### [What you will do]
Retype the listing below line for line, but only from the line with "Pol 2 | PDF | Pump | Valve" down to the line with "On THE ROGER Advantage Casual Shoes", inclusive. Pictures stay out.

### [Data provided]
- Opening Delimiter -
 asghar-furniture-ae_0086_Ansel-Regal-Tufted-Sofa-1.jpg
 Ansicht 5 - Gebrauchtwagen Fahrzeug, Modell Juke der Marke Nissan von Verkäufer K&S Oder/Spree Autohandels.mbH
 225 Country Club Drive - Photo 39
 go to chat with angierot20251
- Closing Delimiter -
- Opening Delimiter -
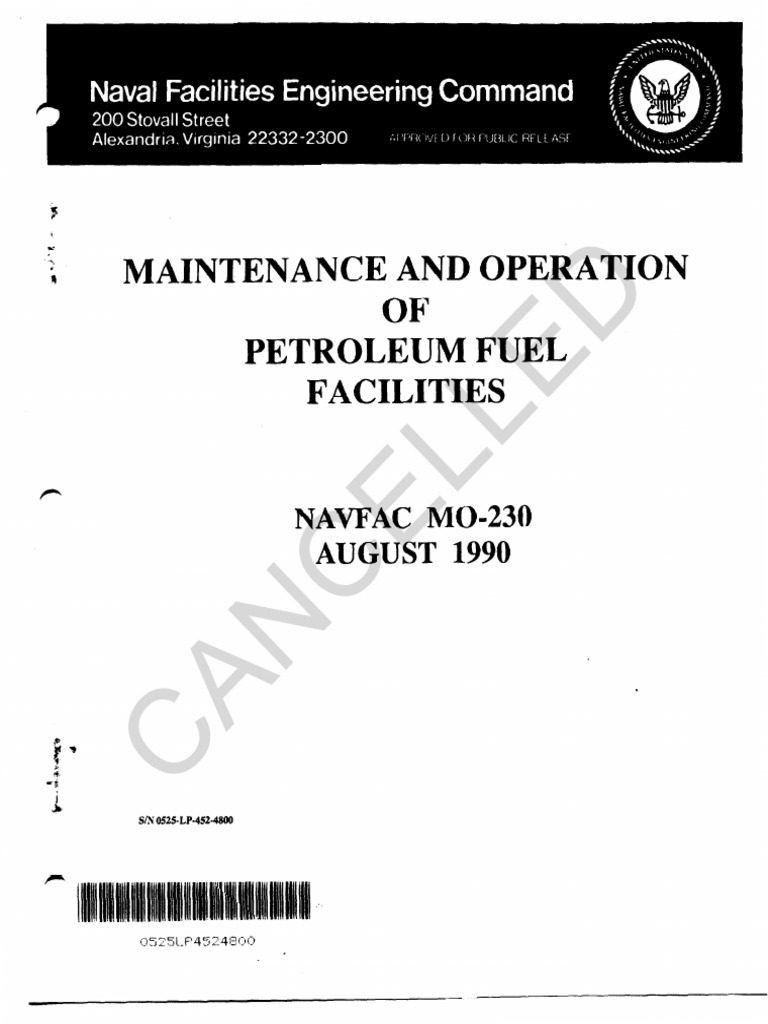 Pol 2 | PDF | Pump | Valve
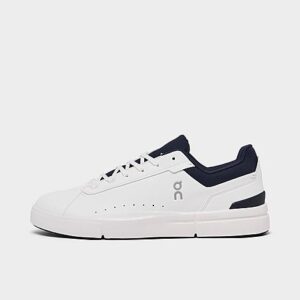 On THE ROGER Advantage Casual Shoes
- Closing Delimiter -
### [Answer for the task]
 Pol 2 | PDF | Pump | Valve
 On THE ROGER Advantage Casual Shoes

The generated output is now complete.